Pepco Holdings owns the rights to much of the land it needs. It’s planning to build the larger line along a right of way that already features smaller power lines.

But within the section of the line that runs from Indian River north to Salem, there will be areas where the right of way needs to be widened, the utility has said.

And there’s a yet-to-be-specified section in southeast New Castle County where the Pathway would break from the existing power line along Del. 9 and head toward the Delaware Bay, where it would cross and connect with the Salem/Hope Creek nuclear plant.

That will require Pepco Holdings to acquire eight miles of new right of way, company officials said last week.

“Whether it’s dry land, wet land, high land, I wouldn’t want to answer that question right now,” said Vince Maione, pathway project manager for Pepco. He added that the company wants to minimize impacts on the environment and the population.

PJM is still reviewing Pepco Holdings’ application for the portion of the line running north from Indian River. Once that confirmation comes, Pepco Holdings will develop the path in greater detail, Maione said.

To cross the Delaware River, the utility wants to build a second overhead crossing, about six to eight miles south of its current line.

The company has not been in touch with Delaware landowners regarding easements, said Matt Likovich, a Delmarva spokesman.

Delaware state government has little control over the portions of the line for which Delmarva already has rights of way. Unlike in Maryland, this state’s Public Service Commission does not have the authority to approve the location of a transmission line.

One of the few categories where state government has oversight is where a planned power line would cross natural areas like bodies of water and wetlands. Pepco Holdings has not been in touch to request a permit, said Philip Cherry, a state Department of Natural Resources and Environmental Control policy manager.

But Delmarva lacks leverage, at least on the state level, when it comes to expanding beyond its rights of way.

The state eminent-domain law doesn’t give the utility the right to seize land for a power project. Likovich said if the company can’t reach an agreement with a landowner, “we will have to construct the line by going around the property in question.”

But the utility may hold a trump card: the U.S. Energy Department last year designated Delaware part of a region where the federal government can order an electricity project finished if states fail to do so.

Delmarva officials say they’ll work hard to negotiate with landowners to avoid the issue of eminent domain.

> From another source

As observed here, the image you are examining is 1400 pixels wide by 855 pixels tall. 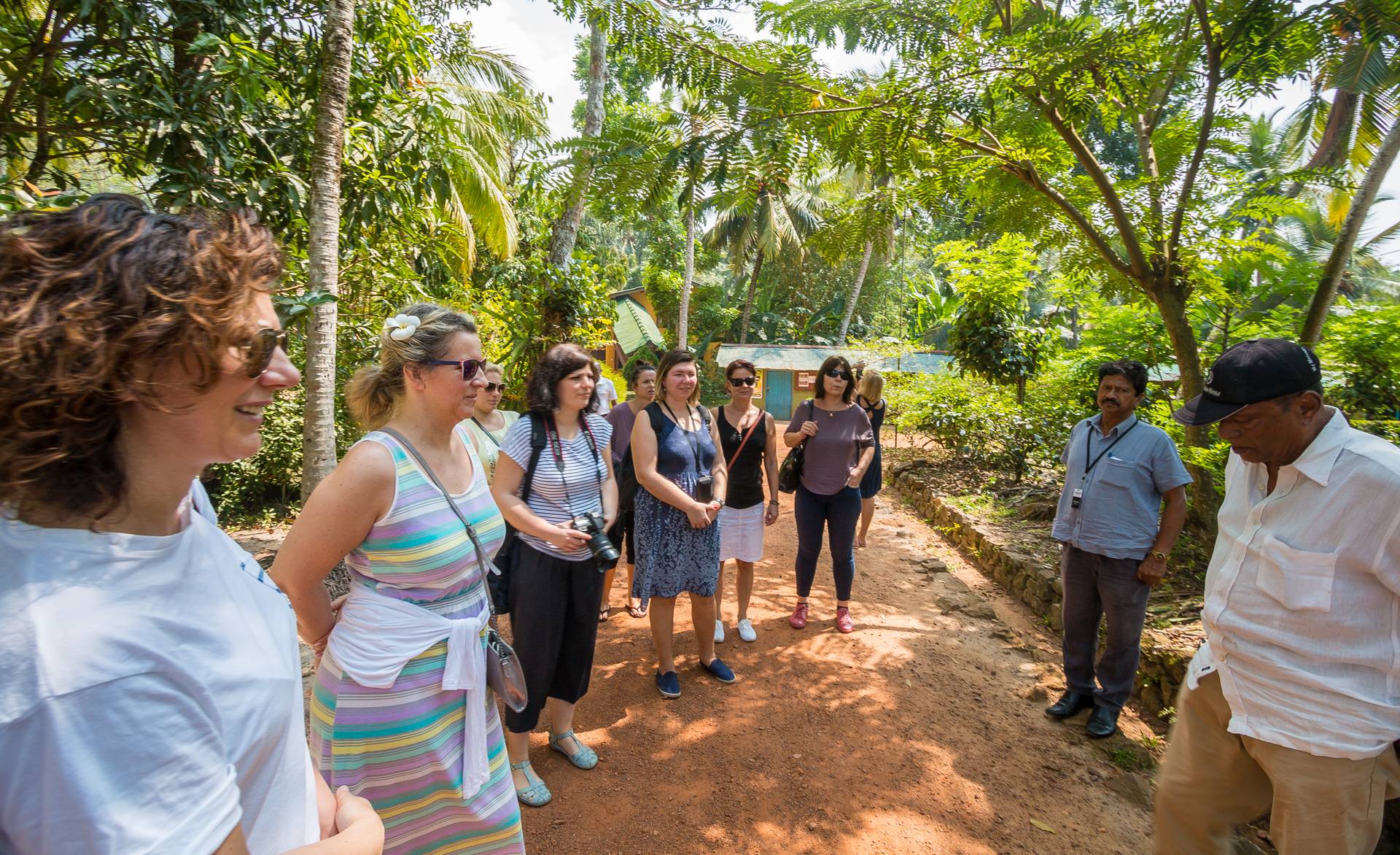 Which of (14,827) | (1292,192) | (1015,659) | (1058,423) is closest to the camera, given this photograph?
(14,827)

“It doesn’t benefit anyone to take anyone’s land,” Maione said. Pressed about whether the utility would be OK with the government seizing land for the project, he said, “We’ll have to cross that bridge when we come to it.”

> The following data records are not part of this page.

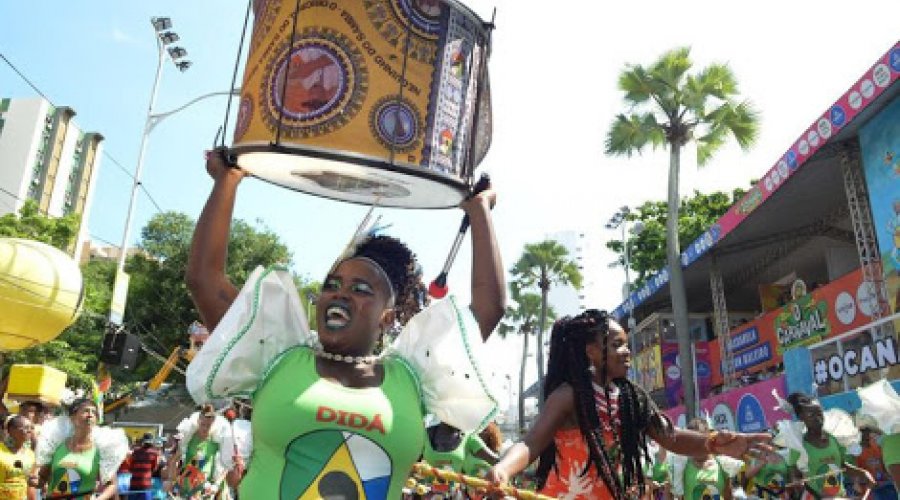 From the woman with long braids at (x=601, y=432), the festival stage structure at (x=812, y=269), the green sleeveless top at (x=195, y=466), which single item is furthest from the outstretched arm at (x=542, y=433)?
the festival stage structure at (x=812, y=269)

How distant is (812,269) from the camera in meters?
21.1

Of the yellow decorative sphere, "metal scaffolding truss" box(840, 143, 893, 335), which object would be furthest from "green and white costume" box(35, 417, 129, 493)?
"metal scaffolding truss" box(840, 143, 893, 335)

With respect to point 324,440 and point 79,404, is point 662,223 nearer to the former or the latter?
point 79,404

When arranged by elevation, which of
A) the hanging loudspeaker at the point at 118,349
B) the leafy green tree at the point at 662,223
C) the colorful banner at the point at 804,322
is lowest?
the hanging loudspeaker at the point at 118,349

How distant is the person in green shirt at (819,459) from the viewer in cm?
740

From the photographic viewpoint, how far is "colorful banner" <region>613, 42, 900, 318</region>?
10.9 m

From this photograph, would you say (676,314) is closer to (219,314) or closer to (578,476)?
(578,476)

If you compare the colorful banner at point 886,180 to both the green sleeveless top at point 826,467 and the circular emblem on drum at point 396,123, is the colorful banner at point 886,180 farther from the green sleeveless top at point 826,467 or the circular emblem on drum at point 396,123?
the circular emblem on drum at point 396,123

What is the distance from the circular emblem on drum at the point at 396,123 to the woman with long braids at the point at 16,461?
5.85 meters

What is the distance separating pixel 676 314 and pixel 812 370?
4389 mm

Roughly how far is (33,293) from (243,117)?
4.57 metres

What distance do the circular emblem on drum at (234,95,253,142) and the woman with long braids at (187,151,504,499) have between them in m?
0.13

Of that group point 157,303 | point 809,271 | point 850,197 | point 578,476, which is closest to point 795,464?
point 578,476

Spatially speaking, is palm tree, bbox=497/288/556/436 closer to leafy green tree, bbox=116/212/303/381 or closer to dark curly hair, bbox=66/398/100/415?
leafy green tree, bbox=116/212/303/381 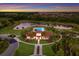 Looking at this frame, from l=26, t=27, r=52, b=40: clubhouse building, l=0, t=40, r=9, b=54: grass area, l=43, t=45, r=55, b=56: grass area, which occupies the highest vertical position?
l=26, t=27, r=52, b=40: clubhouse building

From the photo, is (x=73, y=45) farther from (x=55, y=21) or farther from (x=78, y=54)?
(x=55, y=21)

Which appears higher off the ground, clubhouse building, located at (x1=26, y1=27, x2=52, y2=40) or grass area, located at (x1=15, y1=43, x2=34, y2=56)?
clubhouse building, located at (x1=26, y1=27, x2=52, y2=40)

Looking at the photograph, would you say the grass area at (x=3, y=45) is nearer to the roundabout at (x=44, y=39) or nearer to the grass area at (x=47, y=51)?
the roundabout at (x=44, y=39)

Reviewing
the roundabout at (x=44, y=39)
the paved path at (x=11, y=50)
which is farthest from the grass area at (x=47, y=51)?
the paved path at (x=11, y=50)

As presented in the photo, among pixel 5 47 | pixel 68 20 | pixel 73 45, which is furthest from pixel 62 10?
pixel 5 47

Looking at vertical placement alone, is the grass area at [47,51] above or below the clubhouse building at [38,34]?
below

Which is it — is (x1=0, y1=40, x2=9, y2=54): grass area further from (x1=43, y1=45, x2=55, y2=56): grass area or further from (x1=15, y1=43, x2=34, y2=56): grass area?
(x1=43, y1=45, x2=55, y2=56): grass area

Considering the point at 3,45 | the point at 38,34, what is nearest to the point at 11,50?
the point at 3,45

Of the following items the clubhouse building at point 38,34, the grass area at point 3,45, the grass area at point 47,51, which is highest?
the clubhouse building at point 38,34

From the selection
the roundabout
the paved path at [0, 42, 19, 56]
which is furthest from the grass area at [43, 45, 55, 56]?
the paved path at [0, 42, 19, 56]
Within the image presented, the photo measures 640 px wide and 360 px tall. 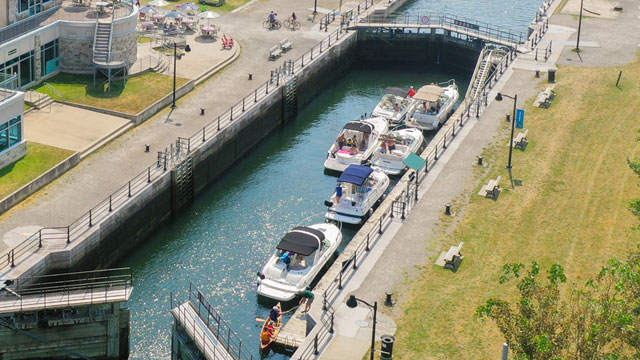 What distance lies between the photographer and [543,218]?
65.4 meters

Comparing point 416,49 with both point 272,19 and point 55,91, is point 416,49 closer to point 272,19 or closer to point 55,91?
point 272,19

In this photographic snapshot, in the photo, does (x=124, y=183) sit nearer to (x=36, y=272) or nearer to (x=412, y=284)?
(x=36, y=272)

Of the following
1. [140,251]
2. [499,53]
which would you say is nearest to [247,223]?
[140,251]

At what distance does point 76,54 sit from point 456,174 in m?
32.6

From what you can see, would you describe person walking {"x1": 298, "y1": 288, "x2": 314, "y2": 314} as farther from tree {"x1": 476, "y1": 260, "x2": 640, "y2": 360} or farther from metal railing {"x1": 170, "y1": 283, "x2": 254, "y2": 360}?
tree {"x1": 476, "y1": 260, "x2": 640, "y2": 360}

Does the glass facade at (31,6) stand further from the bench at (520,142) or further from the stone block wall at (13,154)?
the bench at (520,142)

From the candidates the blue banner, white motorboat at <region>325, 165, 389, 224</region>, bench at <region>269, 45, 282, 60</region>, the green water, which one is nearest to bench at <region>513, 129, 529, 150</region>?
the blue banner

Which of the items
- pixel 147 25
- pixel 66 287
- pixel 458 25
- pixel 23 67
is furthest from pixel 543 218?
pixel 147 25

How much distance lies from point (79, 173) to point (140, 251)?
273 inches

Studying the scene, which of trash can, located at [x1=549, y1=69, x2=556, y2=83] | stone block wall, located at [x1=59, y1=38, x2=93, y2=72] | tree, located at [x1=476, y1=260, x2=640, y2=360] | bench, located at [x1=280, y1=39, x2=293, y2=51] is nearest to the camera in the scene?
tree, located at [x1=476, y1=260, x2=640, y2=360]

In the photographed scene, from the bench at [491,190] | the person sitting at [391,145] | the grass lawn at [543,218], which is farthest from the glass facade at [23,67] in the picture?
the bench at [491,190]

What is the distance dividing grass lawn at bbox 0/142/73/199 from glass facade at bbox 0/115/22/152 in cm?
125

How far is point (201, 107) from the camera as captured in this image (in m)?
79.1

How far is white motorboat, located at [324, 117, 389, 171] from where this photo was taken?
77750 mm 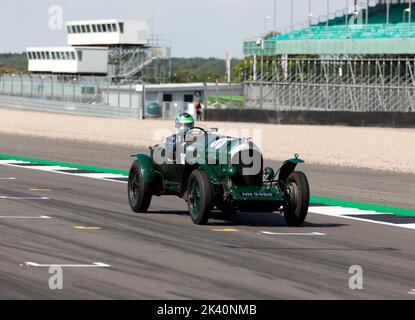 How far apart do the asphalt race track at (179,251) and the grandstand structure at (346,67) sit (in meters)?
32.9

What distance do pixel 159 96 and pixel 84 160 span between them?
165 feet

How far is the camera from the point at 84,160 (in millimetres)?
26344

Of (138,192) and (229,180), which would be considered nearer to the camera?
(229,180)

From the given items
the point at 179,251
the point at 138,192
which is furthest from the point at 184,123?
the point at 179,251

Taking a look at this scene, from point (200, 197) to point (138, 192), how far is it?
1.95m

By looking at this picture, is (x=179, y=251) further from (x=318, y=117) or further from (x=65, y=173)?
(x=318, y=117)

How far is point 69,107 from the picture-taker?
62.2 m

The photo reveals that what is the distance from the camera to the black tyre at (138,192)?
15.1 meters

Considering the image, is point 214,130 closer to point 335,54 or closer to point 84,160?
point 84,160

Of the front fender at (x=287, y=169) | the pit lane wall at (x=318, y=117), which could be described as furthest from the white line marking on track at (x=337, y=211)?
the pit lane wall at (x=318, y=117)

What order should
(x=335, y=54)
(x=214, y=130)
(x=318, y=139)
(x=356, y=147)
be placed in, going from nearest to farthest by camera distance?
1. (x=214, y=130)
2. (x=356, y=147)
3. (x=318, y=139)
4. (x=335, y=54)

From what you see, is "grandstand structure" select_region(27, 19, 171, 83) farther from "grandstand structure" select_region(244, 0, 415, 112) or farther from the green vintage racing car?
the green vintage racing car

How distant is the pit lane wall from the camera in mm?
43000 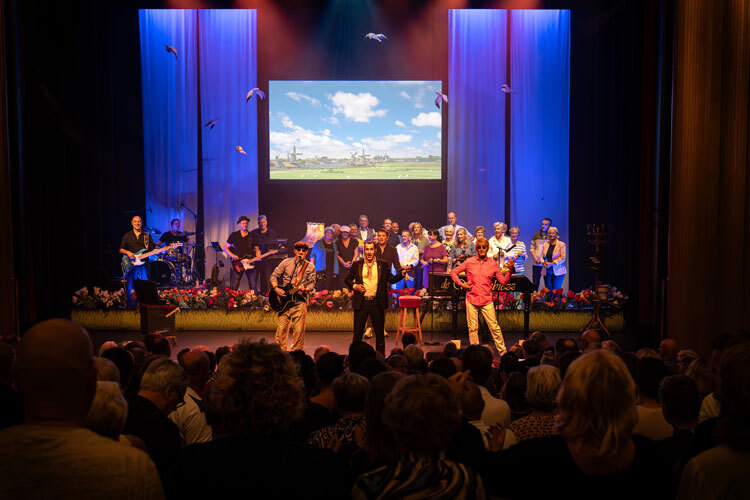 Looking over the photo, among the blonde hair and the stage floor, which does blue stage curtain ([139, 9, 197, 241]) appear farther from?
the blonde hair

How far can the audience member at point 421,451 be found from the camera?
1876 mm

Meanwhile, in Sussex County, Pepco Holdings held a community meeting in Gumboro on Thursday night, attracting 50 members of the public. The next meeting is Wednesday night in Millsboro.

Carper said the question of the power line needs to be considered in a larger context. He harkened back to the construction of Del. 1 to handle an increase in north-south travel, noting that along with the new road came a look at expanding public transit, car-pooling, and other alternatives to driving.

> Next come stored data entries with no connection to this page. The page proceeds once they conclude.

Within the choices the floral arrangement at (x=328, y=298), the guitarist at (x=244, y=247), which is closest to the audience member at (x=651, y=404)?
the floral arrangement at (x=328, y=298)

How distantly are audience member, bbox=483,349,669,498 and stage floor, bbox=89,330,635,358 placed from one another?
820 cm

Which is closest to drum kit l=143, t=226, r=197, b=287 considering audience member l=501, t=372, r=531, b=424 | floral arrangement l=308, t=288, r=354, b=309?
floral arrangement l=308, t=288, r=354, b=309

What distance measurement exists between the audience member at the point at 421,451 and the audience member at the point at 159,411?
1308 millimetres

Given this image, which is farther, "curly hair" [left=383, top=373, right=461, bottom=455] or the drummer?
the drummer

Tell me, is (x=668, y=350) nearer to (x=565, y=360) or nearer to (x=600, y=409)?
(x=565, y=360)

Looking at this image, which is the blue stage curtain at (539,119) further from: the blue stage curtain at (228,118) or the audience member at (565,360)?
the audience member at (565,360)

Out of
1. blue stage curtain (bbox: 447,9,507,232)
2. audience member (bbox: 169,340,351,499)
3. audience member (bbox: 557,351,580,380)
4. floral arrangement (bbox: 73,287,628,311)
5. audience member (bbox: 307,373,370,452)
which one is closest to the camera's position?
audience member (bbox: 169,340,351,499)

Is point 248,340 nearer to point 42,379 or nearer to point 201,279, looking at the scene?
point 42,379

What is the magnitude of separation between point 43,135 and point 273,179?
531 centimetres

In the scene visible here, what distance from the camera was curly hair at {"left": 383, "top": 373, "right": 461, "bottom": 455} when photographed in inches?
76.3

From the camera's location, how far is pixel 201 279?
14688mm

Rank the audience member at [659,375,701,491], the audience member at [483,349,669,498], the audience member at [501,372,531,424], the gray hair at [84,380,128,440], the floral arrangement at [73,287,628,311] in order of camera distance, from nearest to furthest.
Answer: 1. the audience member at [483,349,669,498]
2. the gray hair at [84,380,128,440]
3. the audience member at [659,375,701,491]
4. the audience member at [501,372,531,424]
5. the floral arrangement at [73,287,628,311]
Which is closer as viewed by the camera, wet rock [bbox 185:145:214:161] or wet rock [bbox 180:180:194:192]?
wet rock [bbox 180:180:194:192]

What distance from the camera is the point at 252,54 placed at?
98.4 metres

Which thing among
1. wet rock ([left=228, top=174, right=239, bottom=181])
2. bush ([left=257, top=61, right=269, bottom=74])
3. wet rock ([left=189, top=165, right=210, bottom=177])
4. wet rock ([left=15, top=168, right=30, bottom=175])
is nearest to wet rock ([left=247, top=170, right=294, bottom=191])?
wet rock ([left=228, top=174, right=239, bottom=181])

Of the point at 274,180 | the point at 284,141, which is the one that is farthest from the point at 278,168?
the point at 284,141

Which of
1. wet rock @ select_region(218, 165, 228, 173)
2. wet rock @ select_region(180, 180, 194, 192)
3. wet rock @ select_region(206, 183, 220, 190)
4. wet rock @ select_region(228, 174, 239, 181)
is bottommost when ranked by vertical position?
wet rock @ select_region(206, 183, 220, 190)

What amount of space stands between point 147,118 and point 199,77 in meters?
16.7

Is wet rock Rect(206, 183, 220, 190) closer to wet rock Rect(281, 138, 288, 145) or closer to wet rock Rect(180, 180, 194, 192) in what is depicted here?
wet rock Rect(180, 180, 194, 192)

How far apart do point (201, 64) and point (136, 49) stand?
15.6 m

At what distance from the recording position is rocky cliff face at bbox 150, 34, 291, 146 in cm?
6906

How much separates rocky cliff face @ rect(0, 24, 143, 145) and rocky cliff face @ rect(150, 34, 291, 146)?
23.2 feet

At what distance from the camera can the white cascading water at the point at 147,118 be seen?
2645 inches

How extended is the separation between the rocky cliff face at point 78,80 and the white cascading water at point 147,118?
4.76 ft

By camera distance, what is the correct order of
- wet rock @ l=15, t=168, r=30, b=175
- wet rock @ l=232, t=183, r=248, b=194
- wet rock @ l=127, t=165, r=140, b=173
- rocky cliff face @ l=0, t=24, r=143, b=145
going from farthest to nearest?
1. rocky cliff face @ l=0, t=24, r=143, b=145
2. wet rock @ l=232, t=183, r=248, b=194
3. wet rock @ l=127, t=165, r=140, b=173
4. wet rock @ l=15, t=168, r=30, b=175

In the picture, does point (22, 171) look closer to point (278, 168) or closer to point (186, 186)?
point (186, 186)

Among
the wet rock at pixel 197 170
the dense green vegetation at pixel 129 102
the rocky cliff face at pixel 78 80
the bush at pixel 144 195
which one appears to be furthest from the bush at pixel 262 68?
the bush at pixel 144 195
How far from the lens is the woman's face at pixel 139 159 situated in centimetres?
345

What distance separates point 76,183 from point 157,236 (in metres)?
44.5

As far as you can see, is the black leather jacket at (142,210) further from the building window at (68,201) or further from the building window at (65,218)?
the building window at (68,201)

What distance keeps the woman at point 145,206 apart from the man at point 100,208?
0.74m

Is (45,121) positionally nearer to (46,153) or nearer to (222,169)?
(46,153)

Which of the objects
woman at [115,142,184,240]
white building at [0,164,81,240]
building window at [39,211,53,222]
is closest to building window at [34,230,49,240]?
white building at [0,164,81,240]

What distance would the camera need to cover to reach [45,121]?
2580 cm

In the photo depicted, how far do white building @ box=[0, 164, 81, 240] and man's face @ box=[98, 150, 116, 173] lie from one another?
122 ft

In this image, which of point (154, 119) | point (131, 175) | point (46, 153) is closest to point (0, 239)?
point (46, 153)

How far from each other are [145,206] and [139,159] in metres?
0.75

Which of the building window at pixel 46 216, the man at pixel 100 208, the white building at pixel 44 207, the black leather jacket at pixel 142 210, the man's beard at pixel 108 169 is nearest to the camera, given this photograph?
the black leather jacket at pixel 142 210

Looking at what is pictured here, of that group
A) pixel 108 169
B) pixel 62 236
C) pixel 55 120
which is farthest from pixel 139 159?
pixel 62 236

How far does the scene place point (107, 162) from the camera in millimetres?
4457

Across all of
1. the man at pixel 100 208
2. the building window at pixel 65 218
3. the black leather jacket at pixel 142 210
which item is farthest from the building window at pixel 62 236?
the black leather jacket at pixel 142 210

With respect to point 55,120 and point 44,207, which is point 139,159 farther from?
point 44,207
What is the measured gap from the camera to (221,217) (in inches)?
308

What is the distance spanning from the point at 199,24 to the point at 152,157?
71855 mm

“Upgrading power lines on the Delmarva Peninsula may be necessary, but I hope Delawareans will take this opportunity to look not only at where a power line might go, but also at how they could help reduce the need for a new line in the first place,” Carper said.

He said that could come by saving electricity, installing solar panels on their homes, adding insulation, purchasing Energy Star appliances, or taking other steps to save electricity.

Additional Facts

The next community meeting about the power line will be held Wednesday at the Millsboro Civic Center, 322 Wilson Highway, 6 p.m.